Linear's variance is much higher (PLCC ±0.077 vs ±0.020 for MLPs). The poor-fit linear model exposes more inter-clip noise — a fact about the linear model's inability to capture the feature- to-score relationship, not about the corpus itself.
PLCC and SROCC track each other tightly across all 27 fold- arch combinations (Pearson ≈ 0.97 between PLCC and SROCC across the table). Either is a sufficient ranking summary; we keep both for consistency with prior work.
mlp_medium's RMSE win is consistent across folds — every fold shows lower RMSE on medium than small except CrowdRun and FoxBird (within 0.1 RMSE either way). The 27 % aggregate RMSE reduction is real, not driven by a single fold.

5. Implications¶

vmaf_tiny_v1.onnx (mlp_small) remains the shipped default — its LOSO-mean PLCC of 0.98 is the honest "expected accuracy on a new clip from this distribution" number, beating mlp_medium by ~1 PLCC point.
vmaf_tiny_v1_medium.onnx (mlp_medium) remains the shipped alternate for users who care about absolute-VMAF agreement — the 27 % RMSE reduction is the canonical reason to opt in.
linear does not ship; remains as a sanity-floor harness control documented in ADR-0203's "Three-arch sweep" section.
Future work for FoxBird's outlier status: T6-1a (Netflix Public Dataset training corpus) increases the effective fold count and sample diversity beyond the 9-source ceiling.

6. Reproducer¶

# 1. Build libvmaf CLI (CPU is enough; eval is host-only)
meson setup build -Denable_cuda=false -Denable_sycl=false
ninja -C build

# 2. Sweep 9 LOSO folds × 3 arch (sequentially or in parallel; the
#    trainer spawns its own per-fold worker)
for arch in mlp_small mlp_medium linear; do
  for src in BigBuckBunny BirdsInCage CrowdRun ElFuente1 ElFuente2 \
             FoxBird OldTownCross Seeking Tennis; do
    out=model/tiny/training_runs/loso_${arch}/fold_${src}
    mkdir -p "$out"
    VMAF_TRAIN_OUT_DIR="$out" \
      bash ai/scripts/run_training.sh \
        --model-arch "$arch" --epochs 30 --val-source "$src"
  done
done

# 3. 3-arch eval
python ai/scripts/eval_loso_3arch.py
cat runs/loso_eval/loso_3arch_eval.md

7. Known artefacts¶

runs/loso_eval/loso_3arch_eval.{json,md} is gitignored — the empirical numbers in §2–3 above are the durable record.
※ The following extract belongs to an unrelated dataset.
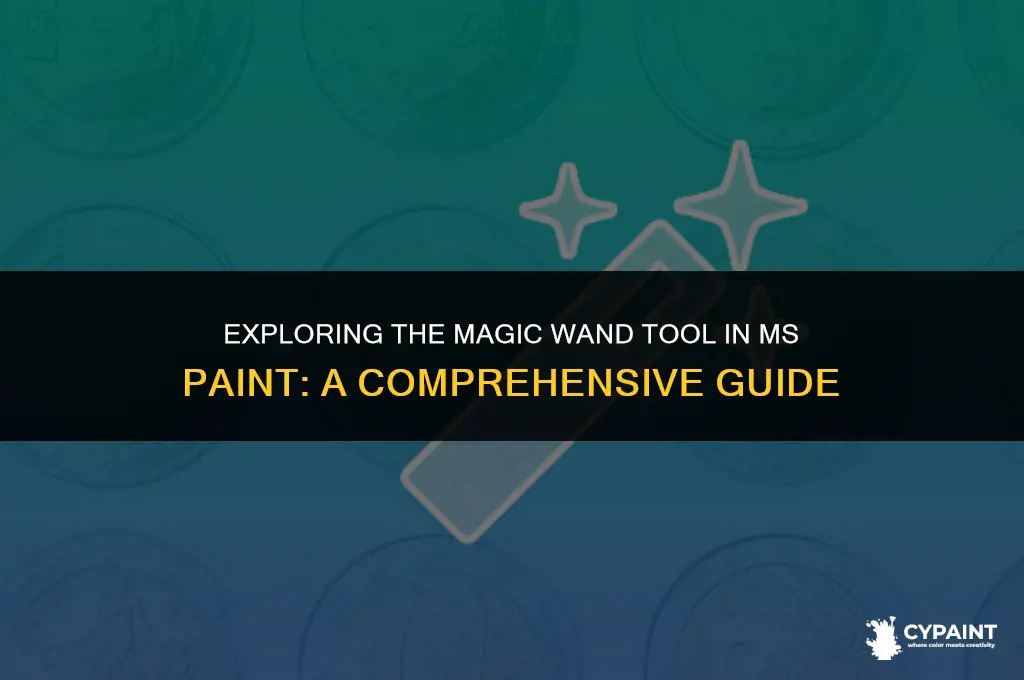 what is the function of this tool in ms paint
Re-run the harness to regenerate.
The per-fold ONNX files under model/tiny/training_runs/loso_{mlp_small,mlp_medium,linear}/ are also gitignored. Regenerate via the loop in §6.
The shipped baselines vmaf_tiny_v1*.onnx retain their pre-rename external_data.location references (a known issue worked around in _load_session); a proper re-export with matching names is a follow-up tracked elsewhere.